Minggu, 05 September 2010

Sebuah Episode

Setelah adanya waktu yang tersedia, tapi tak ada sedikitpun manfaat yang ada nyata. Mendengarkan saja kau sulit untuk berlaku, apalagi dayaku setelah kau tawarkan kata sabar yang selalu ada. Setiap kesempatan aku sekadar ingin bersimfoni dengan bayanganmu yang ada dalam benakku. Karena saat ini yang ada hanya upaya untuk mengingat saja yang menjadi resolusi akan rindu, selain komunikasi yang saat ini mulai hambar. Ya, berbicara yang hanya mengulang isi yang sama tanpa ada kebaruan. Katamu, “Sudahlah jangan lebay, jalani aja biarkan mengalir”. Sulit rasanya (untuk saat ini) mengerti jalan pikiranmu. Berat rasanya (ketika) aku harus jujur dengan perantara kata (tulisan) seperti ini, yang notabene hanya gundah sepihak. Mungkin katamu, “Kenapa tak bicara saja!”. Ah, rasanya (bagiku) kata saat ini justru menjadi jembatan pemisah yang sulit untuk aku lalui karena kau mematok kata peringatan: “Jangan lewati batas privasi kita”. Ya, seperti itulah keadaan suasana hati yang ada. Setidaknya ini hanya tafsiran sepihak, dan jika ada kesalahan baiknya kamu ingatkan aku. Dengan kata tentunya, bukan laku yang meminta respon untuk sekedar aplikasi dari rasa marah, sesal, dan bebal.

Setelah mimpi semalam, yang kamu pun tahu apa isinya. Aku tak lagi menemukan sosok dirimu dalam nyata. Aku sulit untuk mengatakannya, “Tak ada lagi kamu yang ada dalam dunia nyata”. Ya, tentang sosok dirimu, tantang tawamu, tentang suara indahmu, tentang merdunya nyanyianmu, dan tentang segala ekspresivitas dari dari setiap tuturan cerita.

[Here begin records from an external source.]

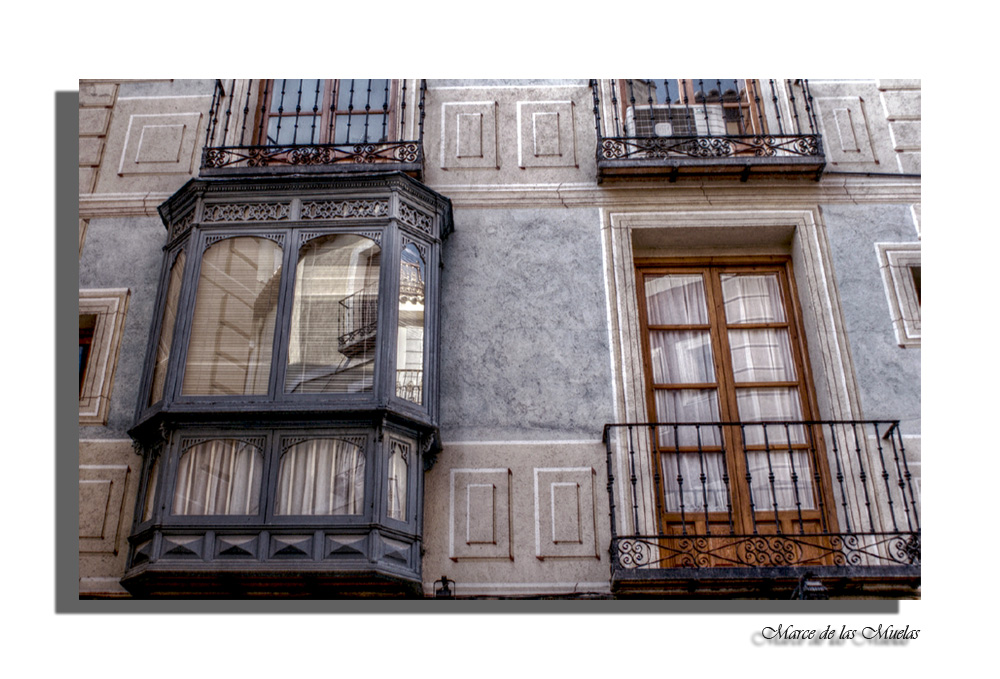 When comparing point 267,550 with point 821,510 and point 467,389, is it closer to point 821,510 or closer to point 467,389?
point 467,389

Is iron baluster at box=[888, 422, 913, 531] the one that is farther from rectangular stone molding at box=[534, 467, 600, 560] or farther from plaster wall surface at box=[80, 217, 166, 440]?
plaster wall surface at box=[80, 217, 166, 440]

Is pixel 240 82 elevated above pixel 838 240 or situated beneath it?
elevated above

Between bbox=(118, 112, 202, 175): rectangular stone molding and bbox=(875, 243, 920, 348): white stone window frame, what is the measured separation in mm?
5519

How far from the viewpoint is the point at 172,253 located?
7496mm

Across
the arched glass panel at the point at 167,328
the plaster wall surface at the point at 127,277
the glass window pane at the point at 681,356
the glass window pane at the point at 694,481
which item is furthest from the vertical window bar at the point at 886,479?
the plaster wall surface at the point at 127,277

Karena saat ini kamu tak menampak ada sebagai kekasih yang penuh dengan rasa cinta dan bangga akan memiliki. Ini juga mungkin pertanda dari mimpi yang tersirat setelah istikharah, karena setelah itu aku pastikan tak ada lagi isyarat tentangmu. Mungkin Tuhan menitahkan aku untuk rehat, untuk istirahat dari segala pikir tentangmu. Tapi maaf, Tuhan. Aku tak ingin mundur dari gelisah ini, walaupun benar Kau yang menentukan segalanya, namun aku ingin usaha meluluhkan hatinya dulu. “Beri aku kesempatan itu”.

Pesanku:

“Jangan bertanya mengapa aku menulis cerita ini. Biarkan saja cerita ini ada apa adanya, seperti juga mengapa rasa cinta, senang, bahagia, dan saat ini sesal boleh ada. Ini hanya sebuah episode dari setiap alur yang boleh terjadi dari cerita tentang rasa kita. Ya, tentang kita, karena tokohnya adalah aku dan kamu tentunya”.


: "Aku titipkan bunga mawar ini, jangan kamu biarkan jadi layu atau mati kemudian".